Buradan, bütçeye ve genel YG'ye dayalı olarak, bu yöntemin gösterime dayalı modellerle nasıl karşılaştırıldığını analiz edebilirsiniz. Benzer sonuçlar elde etmek için aynı reklamları test ettiğinizden ve aynı görüntüleme parametrelerini kullandığınızdan emin olun.
izleyiciler
Bu, gösterimlere benzer türden bir sayıdır, ancak reklamın kaç kez sunulduğunu saymak yerine, reklamı gören farklı kullanıcıların sayısını sayar. Daha doğrusu, potansiyel olarak görüldü. Rakam yine de kullanıcının reklama gerçekten bakıp bakmadığını hesaba katmaz, ancak yine de faydalı bir ölçümdür.
Sonuçta, bu size genel erişiminiz hakkında kabaca bir fikir veren rakamdır. Elbette, reklam "ekranın altına" yerleştirilmişse her zaman görülmez, hatta tam olarak görünür durumdadır, ancak bir rakam olarak yine de bir kampanyanın erişimini diğerine karşı ölçmenize olanak tanır.
Dönüşümler/Yatırım Getirisi (ROI)
Çoğu reklamveren için bu, en önemli ölçüt olacaktır. Sonuçta, reklamcılığa para yatırıyorsanız, tek amaç yatırım yaptığınızdan fazlasını kazanmaktır. Başarıyı ölçmek için bu nispeten basit metrikle bile, hala dikkat etmeniz gereken birkaç değişken var.
Görüntülü reklamın kendisinden doğrudan dönüşümleri ölçüyor olabilirsiniz. Bu, esasen, reklamı tıklayan ve müşteriye/aboneye dönüşen/onlardan yapmalarını istediğiniz her şeyi yapan kişi sayısı anlamına gelir.
Şimdiye kadar iyi mi? İyi.
Peki ya reklamınızı gören, dikkat eden, ancak aslında tıklamayan tüm insanlar? Bunun yerine, zihinsel bir not alırlar ve daha sonra hızlı bir arama ile sitenize geri dönerler ve ardından müşteriye dönüşürler.
Ne de olsa, bu son derece yaygındır ve reklam kampanyanızın doğrudan bir sonucudur, ancak bu kullanıcılar YG'nize saymıyor olabilir. Bu risklidir, çünkü kampanyalarınızın gerçekte olduğundan daha kötü performans gösteriyormuş gibi görünmesine neden olur.
Bir kez daha, görüntülemeyi hesaba katmanız gereken yer burasıdır. Bunlar bazı çevrelerde eleştirildi, ancak herhangi bir metrik gibi, doğru şekilde kullanıyorsanız gerçekten yararlıdır. Tanımlanmış bir pencere ayarlayın ve bu, reklamınızı daha önce görmüş olan kaç kullanıcının diğer yollardan sitenize geldiğini size söyleyecektir.
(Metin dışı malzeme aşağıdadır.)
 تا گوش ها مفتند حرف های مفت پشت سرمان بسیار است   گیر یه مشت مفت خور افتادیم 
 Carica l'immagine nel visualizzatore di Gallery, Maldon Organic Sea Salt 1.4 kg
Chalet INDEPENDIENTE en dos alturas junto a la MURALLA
Bunu yaparsanız, çoğu pazarlamacının inanılmaz derecede faydalı bulacağı kârlılık dönüşümünüzün tam bir resmini elde etmiş olursunuz. Tabii ki, yine de hikayenin tamamını anlatmıyor ve marka bilinirliğini ve itibarını hesaba katmıyor, ancak kesin rakamlar eklediğinden ve yatırımınızın karşılığını alıp almadığını gösterdiğinden inanılmaz derecede önemli bir istatistik.
Çözüm
Çevrimiçi görüntülü reklamcılık dünyasında, pazarlamacıların bunları yorumlaması için çok fazla ölçüm ve hatta daha fazla yol vardır. Bunlar ana olanlardan birkaçı, ancak çok daha fazlası var.
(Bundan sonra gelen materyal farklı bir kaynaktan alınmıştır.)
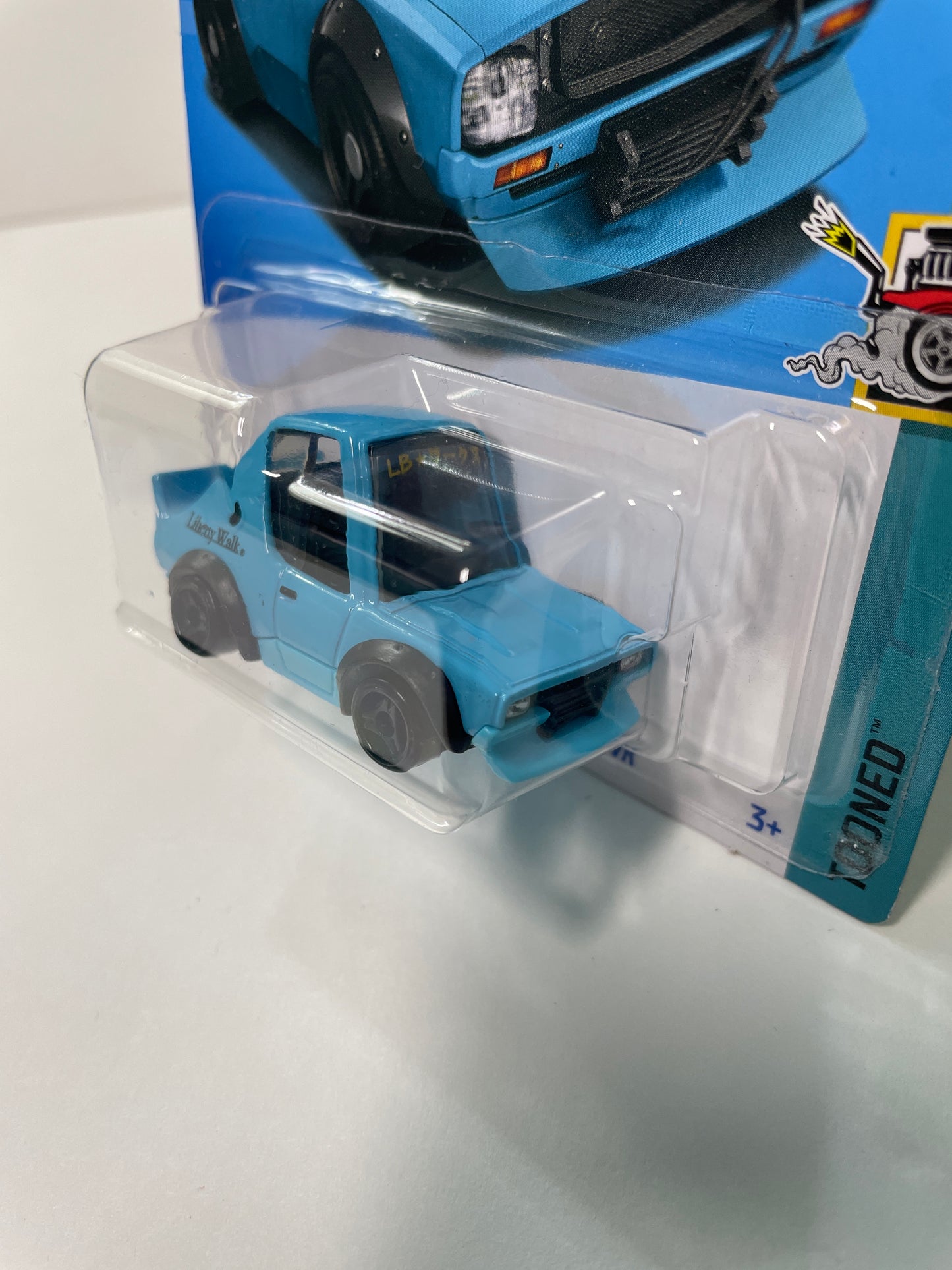 Hot Wheels 1/64 Nissan Skyline 2000GT-R LBWK Tooned Blue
Anahtar, birini seçip onunla çalışmak değil, bir kombinasyon kullanmak ve sizin için en iyi olanı keşfetmektir. Sonuç olarak, genel dönüşümler başarılı bir kampanyanın anahtarıdır, bu nedenle bunlar reklamdan reklama artarsa, gelişme gösterdiğinizi bilirsiniz.
Ancak, reklamınızın kitlenize gösterilmesi için gerçekten ödeme yapmanın potansiyel olarak en ilginç ve güvenilir yolu, zamana dayalı yöntemdir. Bu, reklamınızı belirli bir süre boyunca hedef kitlenizin önünde tutmanızı garanti eder, böylece kullanıcının etkileşime girmemesi durumunda reklamı düzgün bir şekilde görme olasılığı çok daha yüksektir. Bu da marka bilinirliğini artırır, bu da daha sonra web sitenizi tekrar ziyaret etme olasılıklarının daha yüksek olduğu anlamına gelir.
Bu nedenle görüntüleme istatistiklerine de bakmalısınız, bu da bizi tek bir ölçümün en iyi olmadığı gerçeğine güzel bir şekilde getiriyor.
Bunun yerine, daha sonra eski kampanyalarla karşılaştırılan veya A/B testinde yan yana kullanılan birkaç kombinasyonu size en anlamlı, doğru ve faydalı sonuçları verecektir. O zaman genel kampanyanızın başarılı olup olmadığını bileceksiniz.